Read A Certain Slant of Light Page 16


  “Not a silent prayer.” Dan’s voice awakened me.

  I opened my eyes, relieved to find the plastic plates lying quietly in front of me.

  “Dear God...” I closed my eyes again, grateful that I did not return to that quivering white cloth. “Bless this food. Amen.”

  “Amen,” said Dan. I wouldn’t look at Cathy, but I could tell she was staring at me. I’m sure that I did not sound like Jenny when I prayed.

  Pizza was luscious. I chewed intently, studying every flavor, inspecting the piece in my hand, trying to understand the spices.
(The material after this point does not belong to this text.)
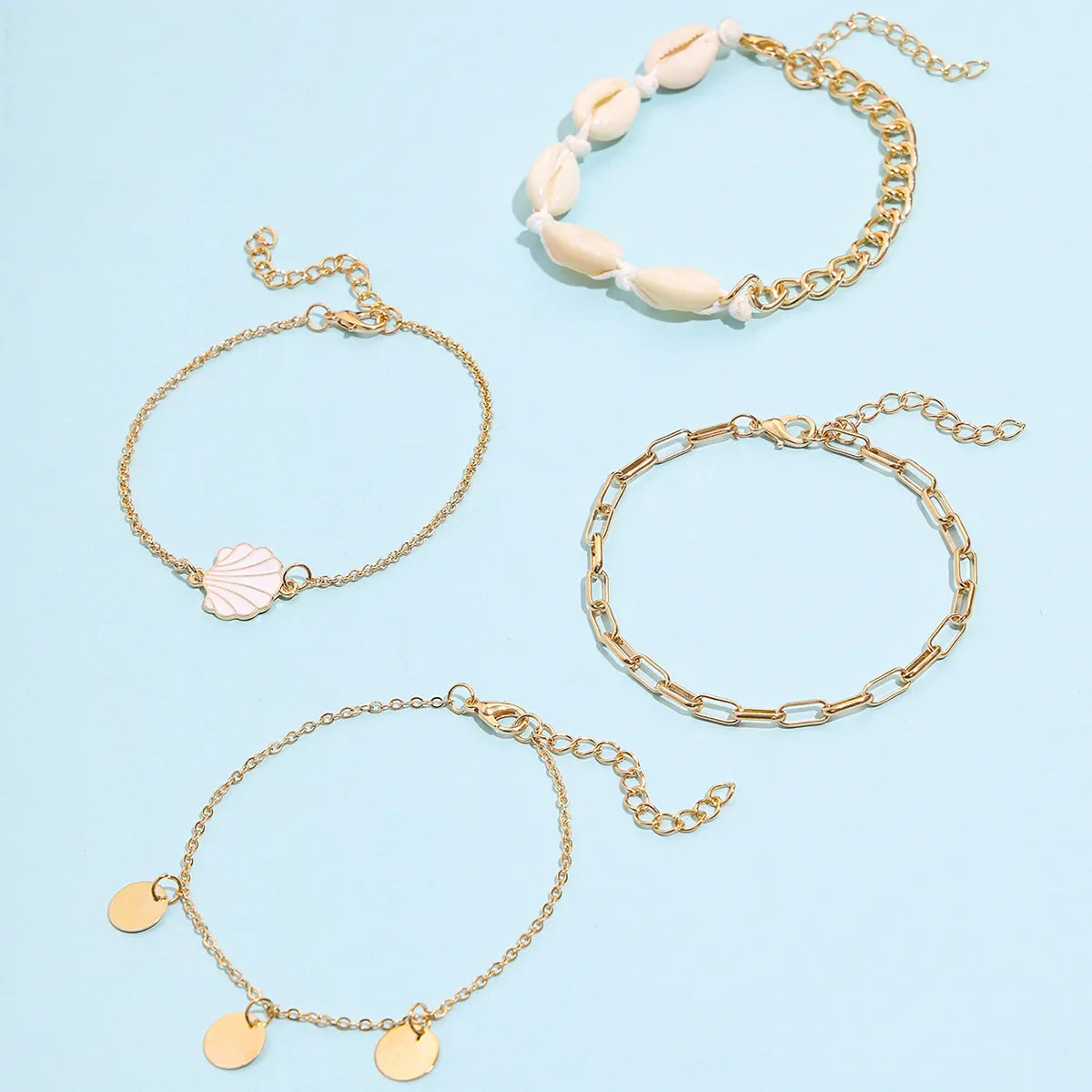 New Summer Shell Anklet Set For Women Sequin Beach Ankle Bracelet Gold Color Leg Chain On Foot Female Bohemian Jewelry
It was like a recipe for catsup but more peppery and less sweet. A memory of watching a hunk of brown sugar dissolve in a pot of stewing tomatoes fled as Cathy spoke.

  “Choose letters.”

  I chose seven squares, perching them in a row on the little wooden pew of my Scrabble rack. Dan checked his watch while Cathy folded over the top sheet of a small tablet of paper. As I tasted root beer for the first time, I must’ve made a surprised sound, for they both turned to me. I relaxed as the burning in my mouth tingled away and left a sweet flavor like anise and vanilla.

  “Like ginger beer,” I smiled. “I like it.”

  “Beer?” Cathy frowned at me. “What did you say?”

  “She’s kidding,” said Dan.

  I preferred the pizza to the game, but I played my turns without rousing suspicion. The phone rang, and when Cathy went to the little table by the couch, Dan paused, watching her.

  “Hello?” Cathy hesitated with the phone to her ear. “I can’t hear you. I’m hanging up.”

  She returned to the table. “I hate that.”

  “Wrong number?” asked Dan.

  “Dead air.” Cathy sat down. “Should I star sixty-nine?”

  “No,” he said. “If they call back, I’ll get it.”

  She looked at him.

  “In case it’s an obscene phone call,” he added.

  The phone rang again, and Dan got up. “Yes?” he said, with the receiver to his ear. “Steve. Did you just call?” He paused. “Must’ve been a wrong number. What’s up?” He listened. “Okay. That sounds good.” Another pause. “In about half an hour or forty-five minutes.”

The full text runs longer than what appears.